> Study material:
—————

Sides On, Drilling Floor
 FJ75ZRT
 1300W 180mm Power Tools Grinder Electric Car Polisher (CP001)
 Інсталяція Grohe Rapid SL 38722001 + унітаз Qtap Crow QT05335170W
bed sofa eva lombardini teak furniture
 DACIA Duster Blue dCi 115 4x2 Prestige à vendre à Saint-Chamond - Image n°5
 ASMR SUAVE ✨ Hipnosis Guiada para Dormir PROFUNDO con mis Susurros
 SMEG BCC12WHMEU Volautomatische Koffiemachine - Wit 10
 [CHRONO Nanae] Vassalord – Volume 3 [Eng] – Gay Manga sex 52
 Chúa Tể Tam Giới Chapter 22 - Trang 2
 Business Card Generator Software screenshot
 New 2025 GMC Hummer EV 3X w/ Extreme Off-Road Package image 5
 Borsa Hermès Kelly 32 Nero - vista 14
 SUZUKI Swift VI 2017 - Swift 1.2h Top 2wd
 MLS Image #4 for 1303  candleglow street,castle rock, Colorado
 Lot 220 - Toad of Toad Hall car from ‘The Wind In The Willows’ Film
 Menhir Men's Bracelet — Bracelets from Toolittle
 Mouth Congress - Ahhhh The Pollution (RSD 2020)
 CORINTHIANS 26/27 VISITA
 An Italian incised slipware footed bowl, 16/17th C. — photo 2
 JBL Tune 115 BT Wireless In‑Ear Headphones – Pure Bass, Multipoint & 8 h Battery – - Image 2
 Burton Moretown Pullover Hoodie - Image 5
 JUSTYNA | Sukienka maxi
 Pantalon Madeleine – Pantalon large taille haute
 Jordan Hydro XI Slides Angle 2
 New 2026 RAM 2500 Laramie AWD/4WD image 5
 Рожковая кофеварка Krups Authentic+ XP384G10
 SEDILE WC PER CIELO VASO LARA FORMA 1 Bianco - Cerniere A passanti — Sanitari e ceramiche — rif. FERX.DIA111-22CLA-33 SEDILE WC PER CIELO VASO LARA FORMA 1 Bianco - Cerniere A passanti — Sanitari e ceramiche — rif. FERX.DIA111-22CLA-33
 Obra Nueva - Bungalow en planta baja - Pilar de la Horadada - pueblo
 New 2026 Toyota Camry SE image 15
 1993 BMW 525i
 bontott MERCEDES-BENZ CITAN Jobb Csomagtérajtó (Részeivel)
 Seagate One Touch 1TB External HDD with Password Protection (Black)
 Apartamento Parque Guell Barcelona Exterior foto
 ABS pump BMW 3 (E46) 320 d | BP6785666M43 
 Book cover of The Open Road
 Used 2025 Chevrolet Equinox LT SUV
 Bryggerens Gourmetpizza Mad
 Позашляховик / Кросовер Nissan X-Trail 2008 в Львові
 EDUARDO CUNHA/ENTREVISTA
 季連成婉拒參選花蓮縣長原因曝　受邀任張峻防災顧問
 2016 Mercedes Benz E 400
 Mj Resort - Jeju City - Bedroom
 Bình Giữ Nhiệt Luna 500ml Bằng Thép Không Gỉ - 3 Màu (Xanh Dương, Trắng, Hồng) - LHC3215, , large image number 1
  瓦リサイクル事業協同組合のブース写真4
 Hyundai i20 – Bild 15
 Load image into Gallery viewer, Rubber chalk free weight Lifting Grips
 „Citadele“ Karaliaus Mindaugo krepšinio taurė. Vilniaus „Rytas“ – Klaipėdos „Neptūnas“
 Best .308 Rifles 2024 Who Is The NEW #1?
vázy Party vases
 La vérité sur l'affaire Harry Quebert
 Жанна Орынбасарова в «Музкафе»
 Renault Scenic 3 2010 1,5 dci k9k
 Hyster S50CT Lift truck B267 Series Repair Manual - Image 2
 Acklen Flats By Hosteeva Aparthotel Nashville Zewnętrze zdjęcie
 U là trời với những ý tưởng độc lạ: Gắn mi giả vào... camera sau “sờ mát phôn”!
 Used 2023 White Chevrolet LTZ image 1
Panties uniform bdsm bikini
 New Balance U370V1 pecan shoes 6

—————

> What is expected:
From the records above, show each line that contains the word "Road".

> Response to the task:
 New 2025 GMC Hummer EV 3X w/ Extreme Off-Road Package image 5
 Book cover of The Open Road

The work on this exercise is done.